Aristotele dice che la nozione degli dei ha negli uomini una duplice origine, da ciò che accade nell’anima e dai fenomeni celesti. Più precisamente, da ciò che accade nell’anima in virtù dell’ispirazione e del potere profetico, propri di essa, che si producono nel sonno. Quando, infatti, egli dice, nel sonno l’anima si raccoglie in se stessa, allora essa, assumendo la sua vera e propria natura, profetizza e presagisce il futuro. Tale essa è anche allorché, nel momento della morte, si separa dal corpo. E quindi approva il poeta Omero per aver osservato questo: rappresentò infatti Patroclo che, nel momento di essere ucciso, presagì l’uccisione di Ettore, e Ettore che presagì la fine di Achille. Da fatti di questo genere, egli dice, gli uomini sospettarono che esistesse qualcosa di divino, che è in sé simile all’anima e più di tutte le altre cose è oggetto di scienza.
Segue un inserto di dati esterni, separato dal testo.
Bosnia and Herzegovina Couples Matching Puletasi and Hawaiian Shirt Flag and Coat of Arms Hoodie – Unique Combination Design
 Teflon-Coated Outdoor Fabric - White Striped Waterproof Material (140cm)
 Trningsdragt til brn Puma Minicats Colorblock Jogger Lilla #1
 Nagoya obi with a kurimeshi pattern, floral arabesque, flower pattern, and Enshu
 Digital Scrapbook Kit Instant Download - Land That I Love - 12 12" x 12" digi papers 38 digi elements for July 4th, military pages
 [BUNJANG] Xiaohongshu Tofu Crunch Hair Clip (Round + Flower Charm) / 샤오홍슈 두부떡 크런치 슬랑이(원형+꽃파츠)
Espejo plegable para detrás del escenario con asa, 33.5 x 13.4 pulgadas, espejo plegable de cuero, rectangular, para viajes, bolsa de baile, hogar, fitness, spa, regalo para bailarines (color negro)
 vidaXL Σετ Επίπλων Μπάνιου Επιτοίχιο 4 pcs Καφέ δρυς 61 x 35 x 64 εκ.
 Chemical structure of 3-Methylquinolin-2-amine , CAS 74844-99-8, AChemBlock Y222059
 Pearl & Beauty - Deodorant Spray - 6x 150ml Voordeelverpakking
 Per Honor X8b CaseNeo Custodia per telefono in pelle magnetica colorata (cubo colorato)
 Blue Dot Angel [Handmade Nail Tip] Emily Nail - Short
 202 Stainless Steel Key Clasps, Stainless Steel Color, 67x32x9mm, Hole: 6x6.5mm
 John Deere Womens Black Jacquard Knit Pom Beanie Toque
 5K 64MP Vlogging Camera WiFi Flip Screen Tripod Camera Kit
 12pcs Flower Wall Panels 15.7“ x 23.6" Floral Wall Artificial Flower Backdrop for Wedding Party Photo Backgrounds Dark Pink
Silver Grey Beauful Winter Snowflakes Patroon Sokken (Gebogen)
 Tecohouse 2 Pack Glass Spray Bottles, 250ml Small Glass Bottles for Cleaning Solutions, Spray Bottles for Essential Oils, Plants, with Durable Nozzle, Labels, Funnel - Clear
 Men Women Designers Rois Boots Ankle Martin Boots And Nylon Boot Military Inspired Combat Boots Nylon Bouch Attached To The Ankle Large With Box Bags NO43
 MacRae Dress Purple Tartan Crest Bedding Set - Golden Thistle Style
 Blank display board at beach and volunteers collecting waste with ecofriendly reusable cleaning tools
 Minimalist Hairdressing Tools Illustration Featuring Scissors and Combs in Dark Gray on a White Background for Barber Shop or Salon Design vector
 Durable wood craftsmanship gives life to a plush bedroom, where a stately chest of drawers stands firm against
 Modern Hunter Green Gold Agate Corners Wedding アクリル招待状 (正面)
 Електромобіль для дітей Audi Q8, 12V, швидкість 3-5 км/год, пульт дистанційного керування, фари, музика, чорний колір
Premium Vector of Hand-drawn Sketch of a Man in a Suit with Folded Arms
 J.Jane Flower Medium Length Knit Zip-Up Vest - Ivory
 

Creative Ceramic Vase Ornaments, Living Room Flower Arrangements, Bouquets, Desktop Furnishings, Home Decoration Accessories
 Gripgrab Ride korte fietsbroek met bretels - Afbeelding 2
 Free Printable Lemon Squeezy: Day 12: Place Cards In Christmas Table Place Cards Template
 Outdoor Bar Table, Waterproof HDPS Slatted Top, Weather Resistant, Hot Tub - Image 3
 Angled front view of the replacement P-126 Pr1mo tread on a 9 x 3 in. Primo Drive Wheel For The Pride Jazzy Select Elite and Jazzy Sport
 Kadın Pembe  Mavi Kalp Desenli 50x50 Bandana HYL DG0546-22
Ma questa convinzione è nata anche dai fenomeni celesti: vedendo infatti di giorno il sole compiere il suo corso, e di notte l’ordinato movimento degli altri astri, ritenevano che un qualche dio fosse causa di tale movimento e ordine. In tal modo dunque dice Aristotele.
Egli è senza principio poiché non è stato generato; è immutabile poiché è immortale. È chiamato Dio (Theós) perché ha fondato tutte le cose sulla propria stabilità e per il (significato di) théein. Théein significa correre, essere in movimento, essere attivo, nutrire, provvedere, governare e dare la vita a tutte le cose.
È Signore perché egli stesso è prima di tutte le cose; demiurgo e creatore perché egli stesso ha creato e fatto ogni cosa; altissimo perché egli stesso è al di sopra di tutto; onnipotente perché egli stesso domina ogni cosa e la contiene. La sommità dei cieli e la profondità degli abissi e gli estremi confini dell’universo sono nelle sue mani e non esiste luogo dove egli riposi. I cieli sono sua opera, la terra è sua creazione, il mare è sua fattura; l’uomo è sua forma e sua immagine; il sole, la luna e le stelle sono suoi elementi, creati per (dare) segni, tempi stabiliti, giorni, anni; per aiutare e servire gli uomini.
E Dio creò ogni cosa dal nulla affinché attraverso le opere si conosca e si comprenda la sua grandezza.
Sesto Empirico, Adversus mathematicos, IX, 20-23, riportato fra i frammenti su Aristotele in Aristotele, Opere, Laterza, Roma-Bari 1988, vol. XI, p. 208.
Teofilo di Antiochia, Ad Autolico, I, 1-3, in Gli apologeti greci, Laterza, Roma-Bari 2000, pp. 376-377.